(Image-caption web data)
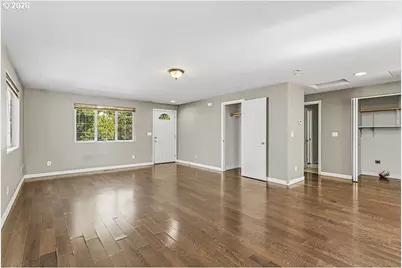 15310 SE Stark St #C, Portland, OR 97233 - Photo 5
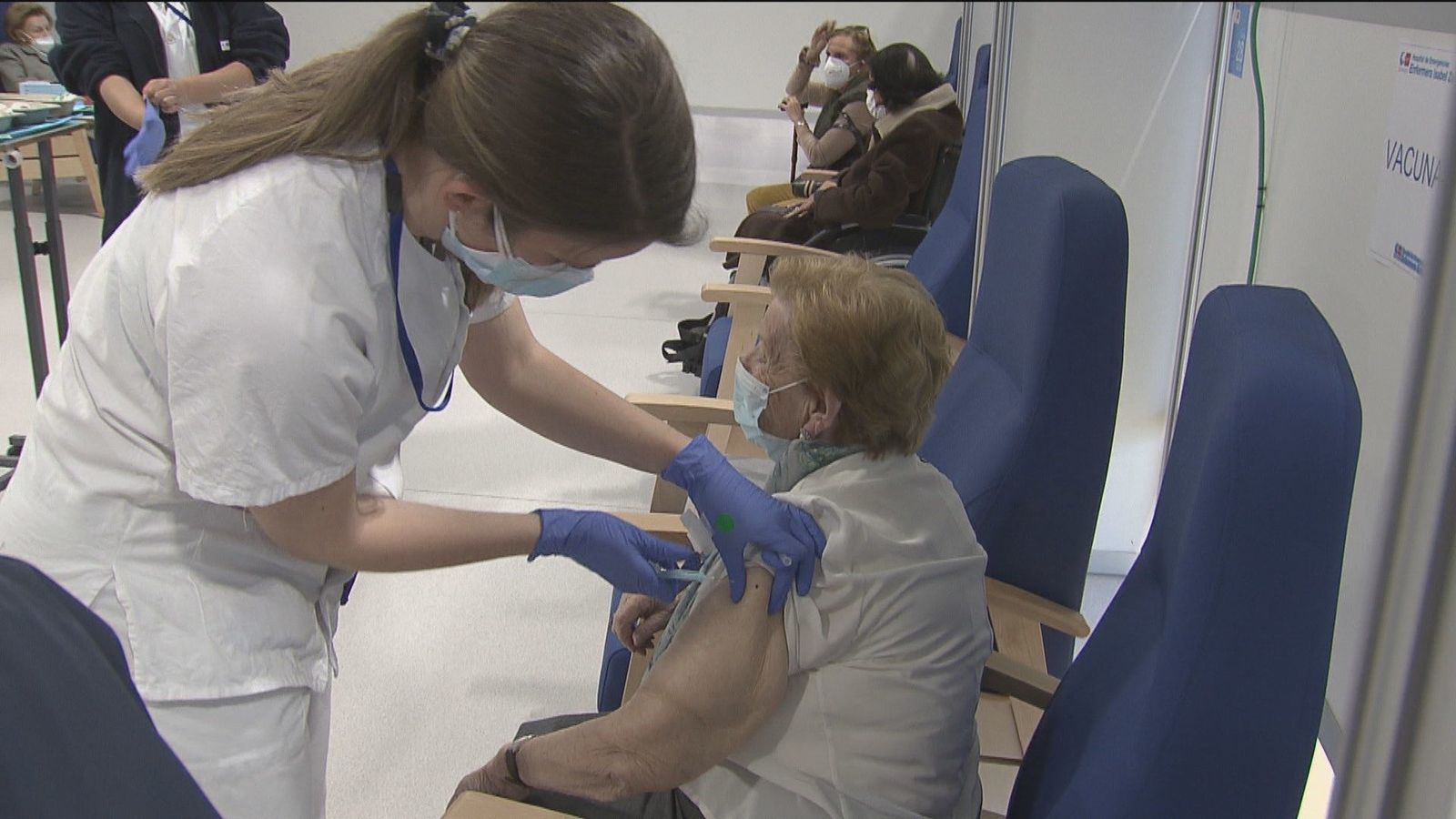 Sanidad propone una dosis de refuerzo de la vacuna para los mayores en residencias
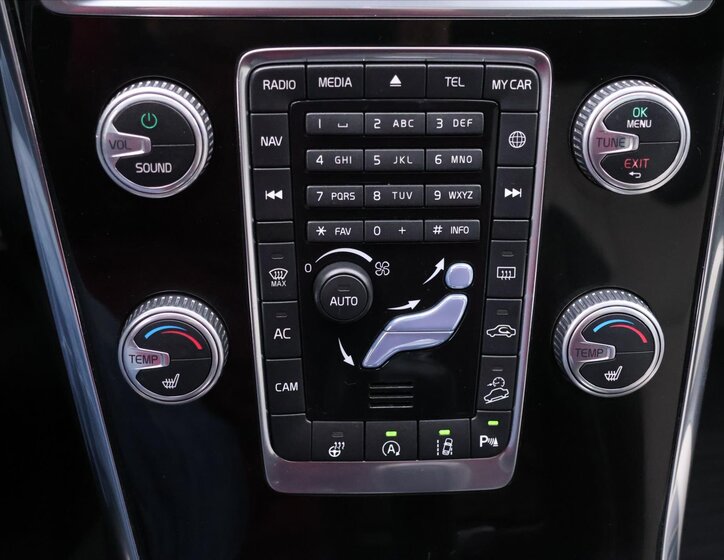 Volvo XC60 SUV 2,4 l 140 kw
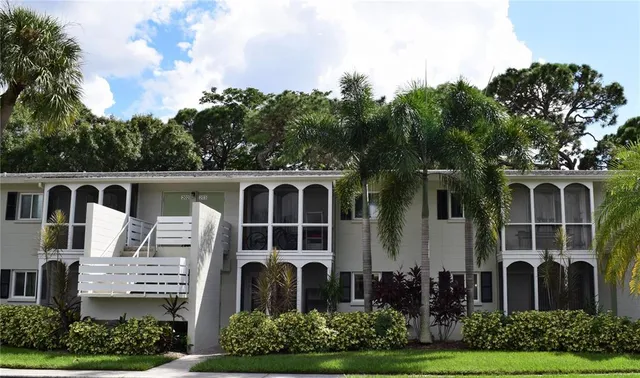 $1,500 | 2304 Ringling Boulevard, Unit 202, Sarasota, FL 34237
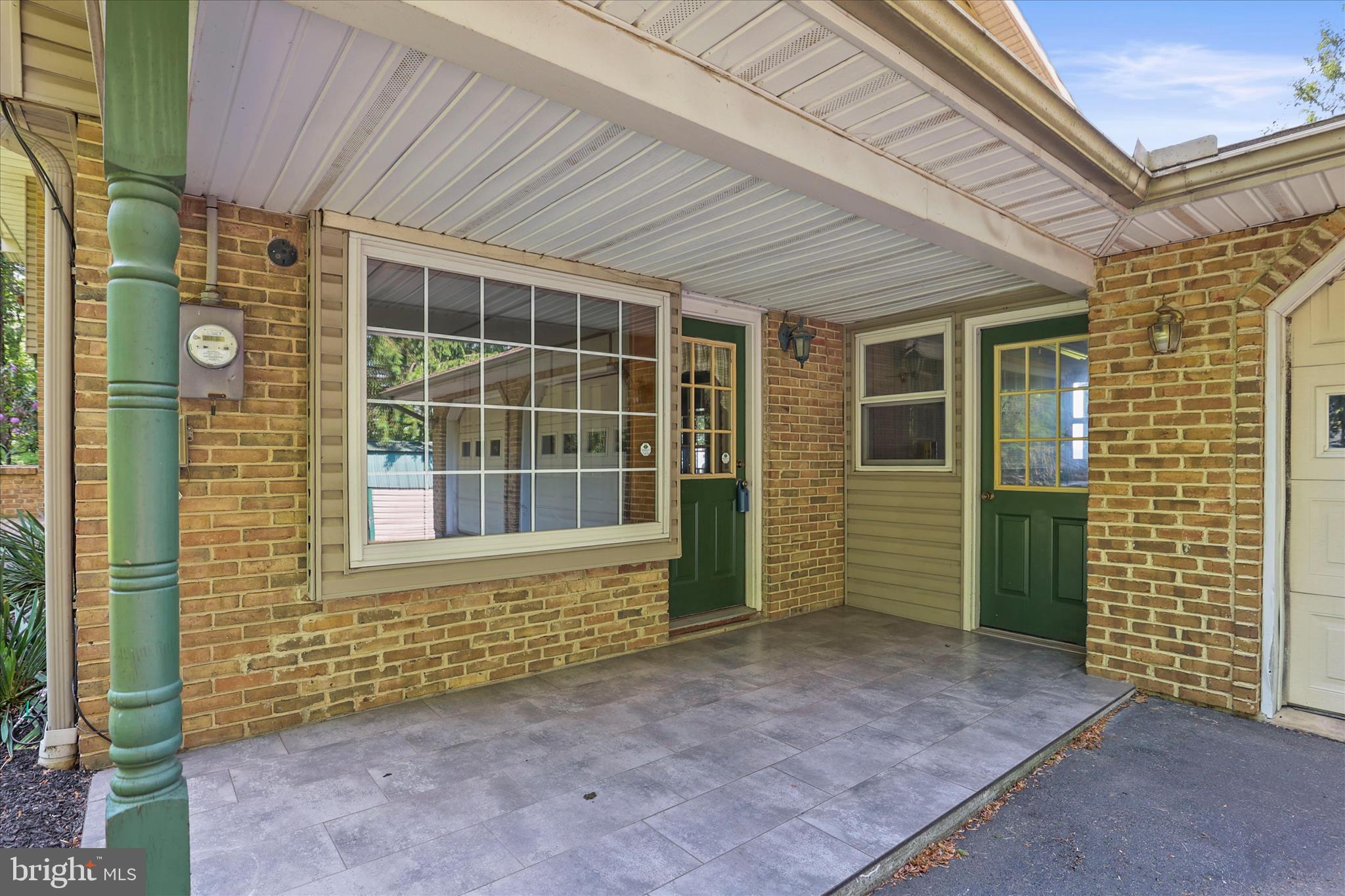 25 KOSER ROAD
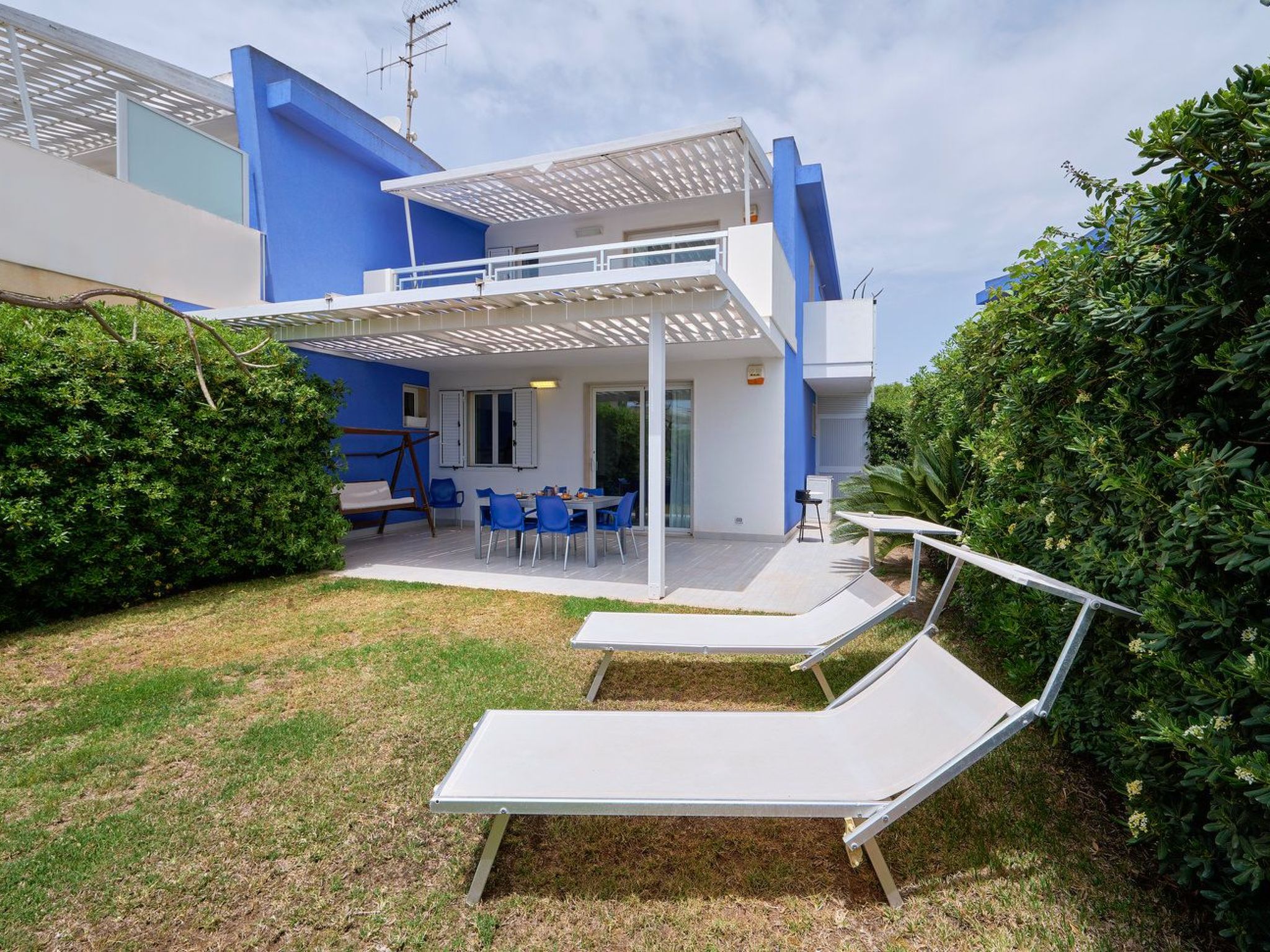 In Marina Di Ragusa mit Terrasse, Grill und Garten-Binnen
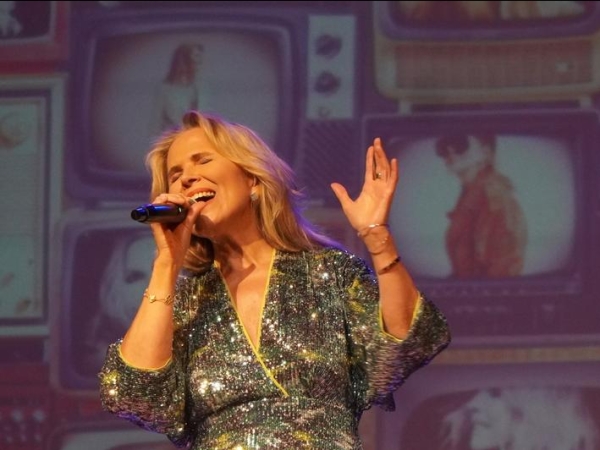 Anna Jurksztowicz występująca na scenie HDK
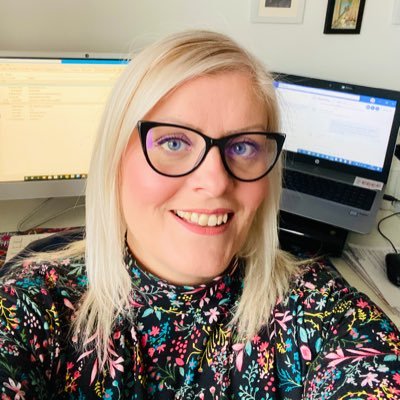 Yorkshire based Strategic Marketing Consultant #commshero🦸🏼♀️#marketing #PR #content #branding #marketingstrategy hello@elitemarcomm.com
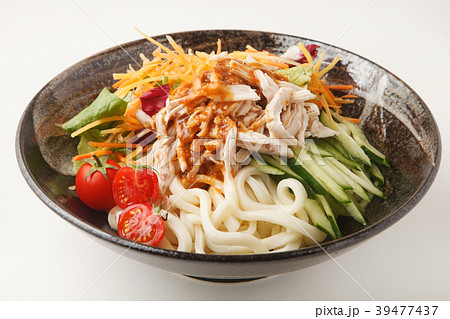 棒棒鶏のサラダうどん 39477437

Task directions:
Every entry above should be printed again exactly, except for the pictures.

Your solution:
 15310 SE Stark St #C, Portland, OR 97233 - Photo 5
 Sanidad propone una dosis de refuerzo de la vacuna para los mayores en residencias
 Volvo XC60 SUV 2,4 l 140 kw
 $1,500 | 2304 Ringling Boulevard, Unit 202, Sarasota, FL 34237
 25 KOSER ROAD
 In Marina Di Ragusa mit Terrasse, Grill und Garten-Binnen
 Anna Jurksztowicz występująca na scenie HDK
 Yorkshire based Strategic Marketing Consultant #commshero🦸🏼♀️#marketing #PR #content #branding #marketingstrategy hello@elitemarcomm.com
 棒棒鶏のサラダうどん 39477437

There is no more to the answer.